Protesting Bulgarian Students with 'College Day' ActionSociety | December 8, 2013, Sunday // 11:04| views
Bulgarian Parliament in downtown Sofia has been guarded by security fences and riot police ever since June when antigovernment protests started. Photo BGNES
Protesting Bulgarian "Early Risers" university students are marking "College Day" with a special action.
They plan to plaster the security fences around the headquarters of the Parliament in downtown Sofia with messages to politicians.
The students spoke before Nova TV, saying their messages and issues pertain to every Bulgarian and human being.
The protesting students further informed they will celebrate inside the campus of the country's oldest and most prestigious school, Sofia University, and were adamant they will not be drinking alcoholic beverages.
They reminded that back at the end of October, when they occupied the main building of Sofia University they voted not to bring and use alcohol.

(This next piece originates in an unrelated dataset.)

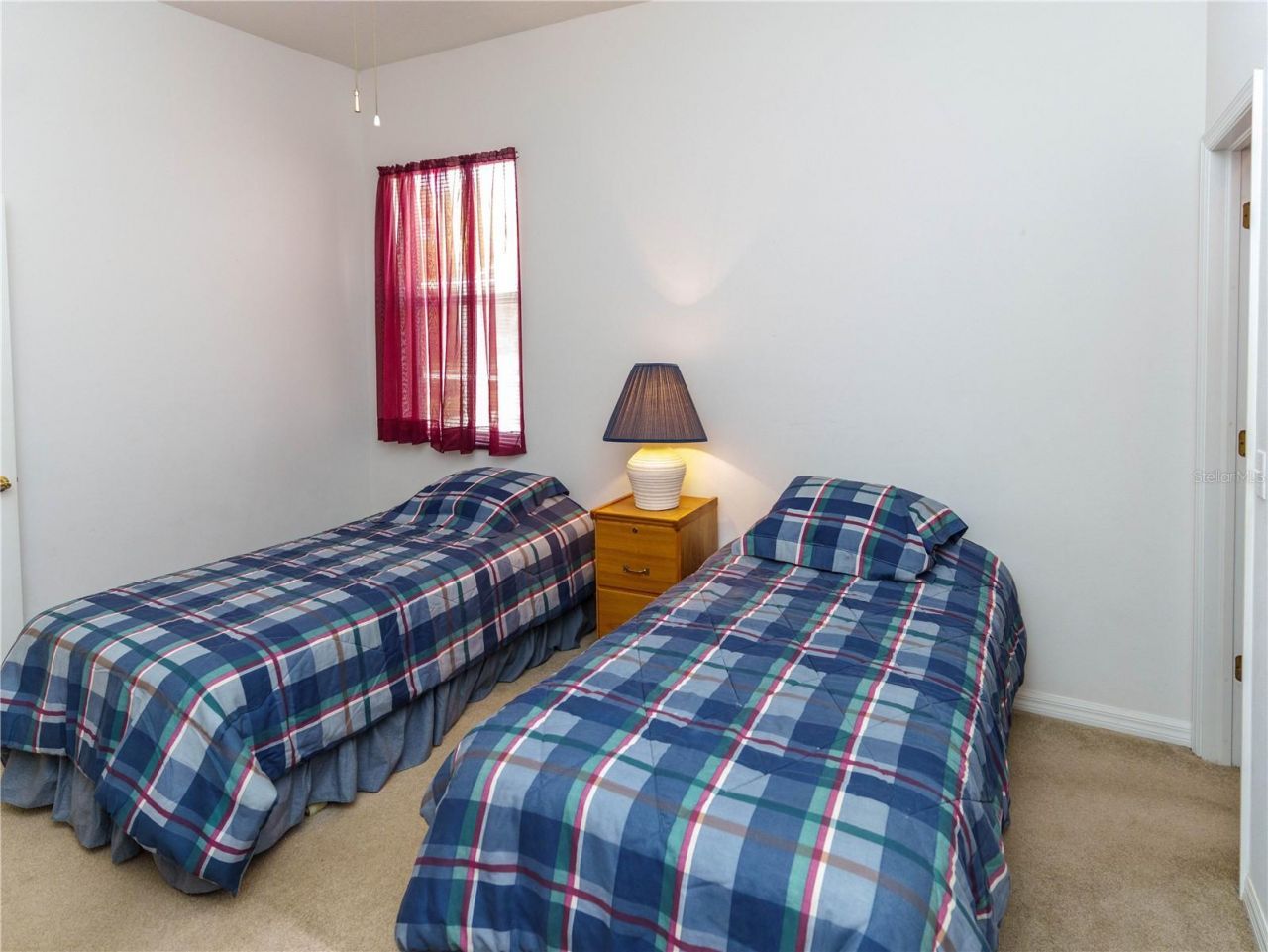 12202 Roseland Drive, New Port Richey, FL 34654 Photo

The university students are demanding the resignation of the Socialist-led government of Prime Minister, Plamen Oresharski.
The first of the protests began when students occupied Lecture Hall 272, the largest teaching room in Sofia University St. Kliment Ohridski building on October 22. The occupation is now lifted and there is only a partial blockade of the building's aula.
Protesters against the Oresharski cabinet first walked out, June 14, after the appointment of controversial media mogul Delyan Peevski for head of Bulgaria's State Agency for National Security.
Peevski's reinstatement as MP after his resignation from the Security Agency provoked a student occupation at Sofia University, which culminated in Sunday's "March of Justice."
Protesters have claimed that the Oresharski cabinet, backed by the Bulgarian Socialist Party and the liberal Movement for Rights and Freedoms exemplifies in an acute form the deep influence of the so-called Bulgarian oligarchy on politics.
Rallies, although much smaller in numbers, are still held every evening in downtown Sofia.